Our paper, “Scalable Feature-Preserving Irregular Mesh Coding”, has been accepted for publication in Computer Graphics Forum and will be presented at the 2017 Eurographics conference in the session on Geometry Processing.
Illustration of the retriangulation step which preserves geometric features by creating the red edges when downsampling.
This paper presents a novel wavelet-based transform and coding scheme for irregular meshes. The transform preserves geometric features at lower resolutions by adaptive vertex sampling and retriangulation, resulting in more accurate subsampling and better avoidance of smoothing and aliasing artefacts.
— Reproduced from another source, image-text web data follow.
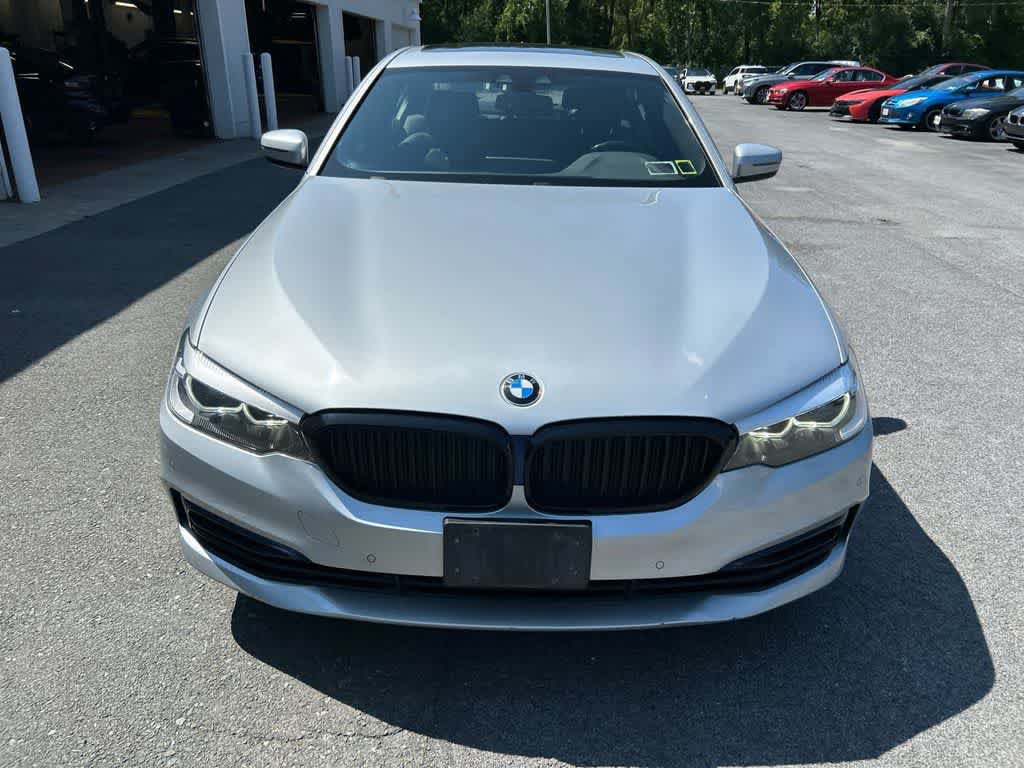 Used 2019 BMW 540i xDrive w/ Convenience Package AWD/4WD image 15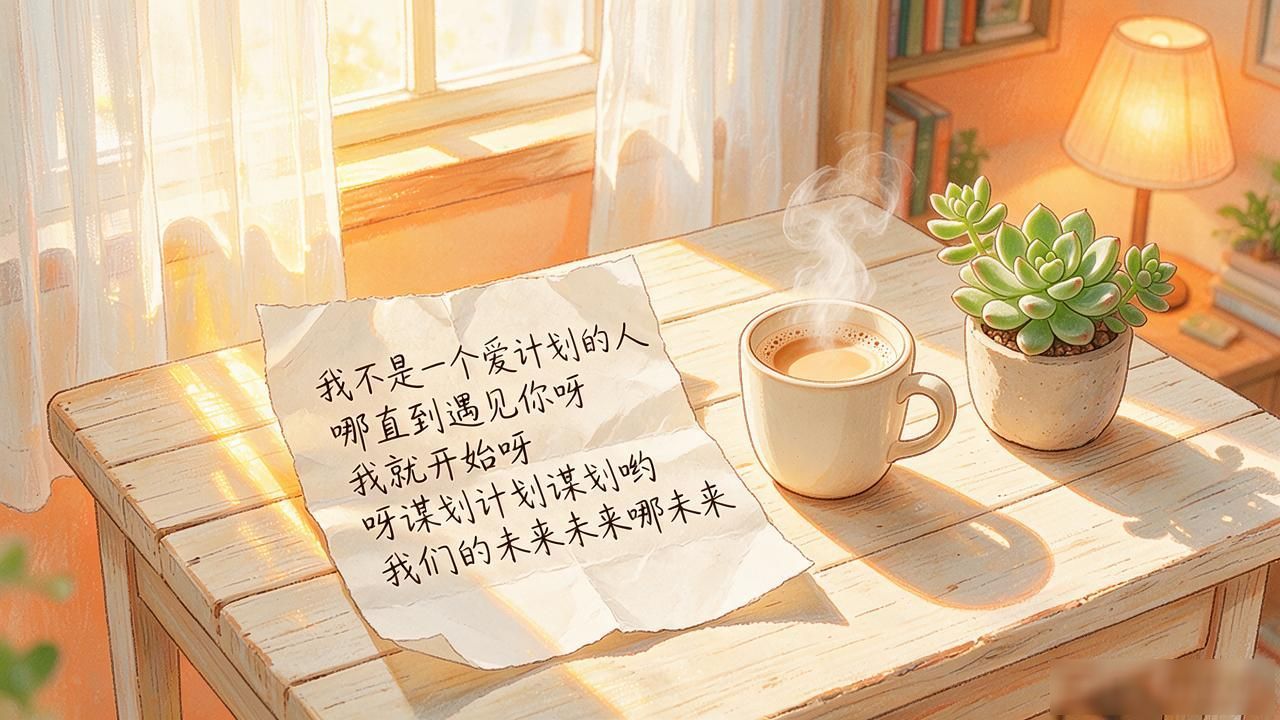打工人私藏的表白绝活！让人心跳加速的情话短句大全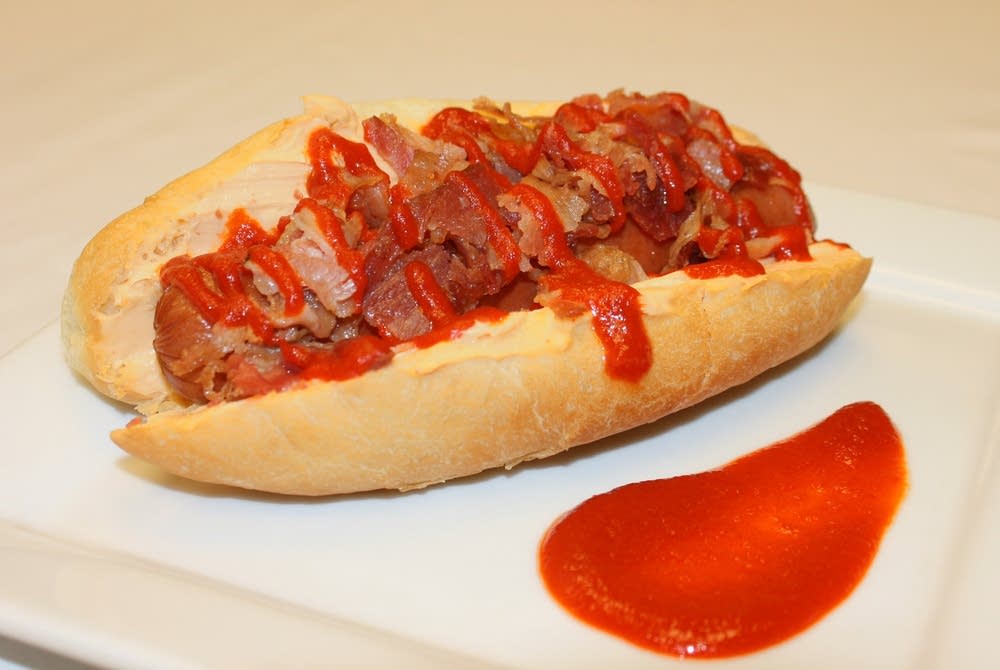 State Fair unveils new food lineup for 2015 | MPR News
By employing octree-based coding techniques, the encoding of both connectivity and geometry information is decoupled from any mesh traversal order, and allows for exploiting the intra-band statistical dependencies between wavelet coefficients. Improvements over the state of the art obtained by our approach are three-fold: (1) improved rate-distortion performance over Wavemesh and IPR for both the Hausdorff and root mean square distances at low-to-mid-range bitrates, most obvious when clear geometric features are present while remaining competitive for smooth, feature-poor models; (2) improved rendering performance at any triangle budget, translating to a better quality for the same runtime memory footprint; (3) improved visual quality when applying similar limits to the bitrate or triangle budget, showing more pronounced improvements than rate-distortion curves.
Multiple resolutions of the Stanford Asian Dragon illustrating that, for high-resolution scans, lossy rates of 1-5 bits per vertex (bpv) suffice for visually qualitative rendering. Three lossy rates (a, b, c) are compared with the rendering of a lossless representation (d).